Configuration and Administration of the Unicode and Code Page Environment

This document covers the following topics:

Notation vr:

When used in this document, the notation vr represents the 2-digit ICU version number.


Profile Parameters and Macros

This section lists the profile parameters and macros which are used in conjunction with Unicode and code page support.

Unless otherwise noted, the profile parameters and macros mentioned in this section are explained in detail in the Parameter Reference.

Parameter or Macro Description
CFICU or NTCFICU macro Enables Unicode support for various Unicode settings.

See also CFICU Parameter and CFICU and CP: Session Modes

CMPO or CPAGE keyword subparameter of NTCMPO macro Generates code page-sensitive Natural programs.

See also CPAGE Compiler Option.

CP

Defines the default code page for Natural. This code page is used for the runtime and development environment if not superposed with a code page defined for a single object (for example, for a Natural source).

Only platform-suitable code pages can be used. This means, for example, that no ASCII code page can be defined for a mainframe platform.
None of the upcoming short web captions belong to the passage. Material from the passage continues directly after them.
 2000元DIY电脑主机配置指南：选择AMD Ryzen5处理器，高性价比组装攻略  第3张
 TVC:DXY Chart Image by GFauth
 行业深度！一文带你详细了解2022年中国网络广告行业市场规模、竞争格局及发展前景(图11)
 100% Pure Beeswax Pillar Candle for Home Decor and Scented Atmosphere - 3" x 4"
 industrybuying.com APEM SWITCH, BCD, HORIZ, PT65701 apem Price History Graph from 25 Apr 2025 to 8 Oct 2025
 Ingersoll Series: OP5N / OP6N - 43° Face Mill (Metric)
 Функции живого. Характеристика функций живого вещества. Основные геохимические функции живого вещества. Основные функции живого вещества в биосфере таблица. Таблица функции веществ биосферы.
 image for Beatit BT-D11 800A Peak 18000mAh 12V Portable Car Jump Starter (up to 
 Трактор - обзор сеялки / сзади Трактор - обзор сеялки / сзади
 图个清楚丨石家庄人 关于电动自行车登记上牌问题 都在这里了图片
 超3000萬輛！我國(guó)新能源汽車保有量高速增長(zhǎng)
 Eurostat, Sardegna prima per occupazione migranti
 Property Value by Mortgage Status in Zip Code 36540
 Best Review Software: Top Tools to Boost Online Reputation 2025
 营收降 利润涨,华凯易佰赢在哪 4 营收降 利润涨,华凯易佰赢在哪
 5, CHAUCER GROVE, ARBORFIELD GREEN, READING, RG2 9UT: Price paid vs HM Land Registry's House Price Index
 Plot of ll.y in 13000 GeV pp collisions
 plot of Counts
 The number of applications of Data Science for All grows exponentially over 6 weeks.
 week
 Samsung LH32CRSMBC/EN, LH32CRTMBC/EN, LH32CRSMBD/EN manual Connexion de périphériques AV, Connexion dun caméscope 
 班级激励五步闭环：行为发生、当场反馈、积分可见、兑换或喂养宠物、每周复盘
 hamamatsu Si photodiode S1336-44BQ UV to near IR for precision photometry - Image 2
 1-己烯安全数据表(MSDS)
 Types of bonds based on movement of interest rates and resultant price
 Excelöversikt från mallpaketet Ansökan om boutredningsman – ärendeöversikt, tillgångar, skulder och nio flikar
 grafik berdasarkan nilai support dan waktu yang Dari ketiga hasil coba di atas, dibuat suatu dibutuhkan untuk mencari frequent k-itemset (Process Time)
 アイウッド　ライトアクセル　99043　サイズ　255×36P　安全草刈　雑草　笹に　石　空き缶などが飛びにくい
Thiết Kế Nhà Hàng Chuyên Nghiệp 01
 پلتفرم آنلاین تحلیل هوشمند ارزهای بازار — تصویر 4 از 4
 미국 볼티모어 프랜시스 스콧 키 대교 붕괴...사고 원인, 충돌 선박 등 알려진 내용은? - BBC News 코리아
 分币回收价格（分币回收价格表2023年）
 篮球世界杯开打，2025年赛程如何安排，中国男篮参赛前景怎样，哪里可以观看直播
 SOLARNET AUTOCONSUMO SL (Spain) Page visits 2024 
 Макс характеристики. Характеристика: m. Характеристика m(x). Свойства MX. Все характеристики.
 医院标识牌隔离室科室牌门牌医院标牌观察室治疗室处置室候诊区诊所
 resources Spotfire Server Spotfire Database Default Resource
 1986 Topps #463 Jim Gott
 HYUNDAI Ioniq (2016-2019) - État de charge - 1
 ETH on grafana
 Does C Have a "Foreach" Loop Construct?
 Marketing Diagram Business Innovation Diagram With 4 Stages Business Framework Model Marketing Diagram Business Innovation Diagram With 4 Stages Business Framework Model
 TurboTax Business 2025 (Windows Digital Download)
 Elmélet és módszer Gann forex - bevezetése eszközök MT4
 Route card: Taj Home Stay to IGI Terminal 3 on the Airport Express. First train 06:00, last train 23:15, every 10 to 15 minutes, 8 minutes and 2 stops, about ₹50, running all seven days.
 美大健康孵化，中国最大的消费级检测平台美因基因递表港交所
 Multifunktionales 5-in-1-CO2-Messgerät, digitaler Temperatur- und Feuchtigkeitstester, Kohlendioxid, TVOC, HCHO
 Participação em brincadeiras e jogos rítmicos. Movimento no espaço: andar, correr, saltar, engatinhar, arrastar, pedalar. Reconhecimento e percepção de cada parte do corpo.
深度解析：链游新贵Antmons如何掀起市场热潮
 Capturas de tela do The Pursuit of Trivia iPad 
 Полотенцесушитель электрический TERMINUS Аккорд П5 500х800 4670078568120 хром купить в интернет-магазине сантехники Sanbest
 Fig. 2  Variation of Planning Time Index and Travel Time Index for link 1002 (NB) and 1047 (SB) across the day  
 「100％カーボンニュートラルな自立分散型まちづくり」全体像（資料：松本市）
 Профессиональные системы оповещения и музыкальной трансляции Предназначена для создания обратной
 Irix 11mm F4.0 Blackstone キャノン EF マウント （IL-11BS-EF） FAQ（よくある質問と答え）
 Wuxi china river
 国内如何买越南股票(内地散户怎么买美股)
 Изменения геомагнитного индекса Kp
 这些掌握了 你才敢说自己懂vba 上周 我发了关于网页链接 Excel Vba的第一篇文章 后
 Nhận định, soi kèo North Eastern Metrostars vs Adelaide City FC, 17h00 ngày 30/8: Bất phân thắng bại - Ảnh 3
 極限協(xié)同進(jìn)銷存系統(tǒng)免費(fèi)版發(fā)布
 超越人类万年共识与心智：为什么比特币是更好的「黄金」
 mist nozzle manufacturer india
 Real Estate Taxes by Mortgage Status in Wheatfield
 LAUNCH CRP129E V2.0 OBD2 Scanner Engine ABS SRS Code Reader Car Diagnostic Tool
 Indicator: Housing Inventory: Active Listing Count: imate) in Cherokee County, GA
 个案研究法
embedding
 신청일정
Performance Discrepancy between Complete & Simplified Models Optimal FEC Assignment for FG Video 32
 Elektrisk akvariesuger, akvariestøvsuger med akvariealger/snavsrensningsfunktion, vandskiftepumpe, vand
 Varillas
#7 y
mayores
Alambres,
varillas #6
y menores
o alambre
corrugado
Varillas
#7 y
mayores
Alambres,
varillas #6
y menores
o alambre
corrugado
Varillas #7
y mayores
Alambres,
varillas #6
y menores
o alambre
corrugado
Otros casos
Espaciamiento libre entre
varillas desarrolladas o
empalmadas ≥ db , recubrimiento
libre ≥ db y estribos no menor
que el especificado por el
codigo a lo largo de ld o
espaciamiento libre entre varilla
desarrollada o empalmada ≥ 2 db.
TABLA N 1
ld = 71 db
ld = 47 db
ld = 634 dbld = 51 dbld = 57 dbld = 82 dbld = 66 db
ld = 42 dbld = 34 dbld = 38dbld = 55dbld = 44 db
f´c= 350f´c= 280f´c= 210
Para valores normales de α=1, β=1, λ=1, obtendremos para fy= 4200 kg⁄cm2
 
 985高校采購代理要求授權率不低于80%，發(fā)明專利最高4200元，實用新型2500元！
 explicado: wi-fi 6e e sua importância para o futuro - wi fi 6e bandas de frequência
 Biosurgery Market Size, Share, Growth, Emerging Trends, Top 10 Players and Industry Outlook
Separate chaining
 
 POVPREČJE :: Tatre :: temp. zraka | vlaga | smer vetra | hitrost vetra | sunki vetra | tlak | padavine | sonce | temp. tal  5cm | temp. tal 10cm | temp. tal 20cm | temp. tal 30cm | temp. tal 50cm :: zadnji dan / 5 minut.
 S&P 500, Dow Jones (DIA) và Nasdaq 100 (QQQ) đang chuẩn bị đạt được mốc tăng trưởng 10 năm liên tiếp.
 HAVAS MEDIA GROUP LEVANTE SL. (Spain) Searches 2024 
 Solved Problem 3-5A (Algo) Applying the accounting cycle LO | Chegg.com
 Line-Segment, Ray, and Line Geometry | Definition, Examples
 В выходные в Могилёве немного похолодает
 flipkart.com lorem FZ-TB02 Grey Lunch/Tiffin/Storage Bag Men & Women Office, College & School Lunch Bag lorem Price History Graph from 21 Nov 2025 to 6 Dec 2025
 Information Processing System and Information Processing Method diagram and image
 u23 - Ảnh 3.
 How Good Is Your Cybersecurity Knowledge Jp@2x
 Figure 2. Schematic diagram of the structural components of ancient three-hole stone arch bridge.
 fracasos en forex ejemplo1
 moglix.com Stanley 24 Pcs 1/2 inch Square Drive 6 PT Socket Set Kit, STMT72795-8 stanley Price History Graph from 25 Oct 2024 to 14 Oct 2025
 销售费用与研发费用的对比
An initialization error message occurs if a wrong code page is used.

See also CFICU and CP: Session Modes.

CPCVERR

Specifies whether a conversion error that occurs when converting from Unicode to code page or from code page to Unicode or from one code page to another code page results in a Natural error or not.

This parameter is not regarded for the conversion of Natural sources when loading them into the source area or when cataloging them.

It is not regarded whether a Unicode field is converted into the code page before an I/O on a terminal emulation. In this case, the substitution character defined by ICU is replaced by the place holder character which is defined in NATCONFG.

CPOBJIN Specifies the code page in which the batch input file for data is encoded. This file is defined in the data set CMOBJIN.
CPPRINT Specifies the code page in which the batch output file shall be encoded. This file is defined in the data set CMPRINT.
CPSYNIN Specifies the code page in which the batch input file for commands is encoded. This file is defined in the data set CMSYNIN.
NTCPAGE macro In the NATCONFG module, this macro defines a code page and all related information, such as place holder character, locale ID and collation tables.

See also NTCPAGE Macro.

NTCPAGE and NATCONFG are explained in detail in the Operations documentation.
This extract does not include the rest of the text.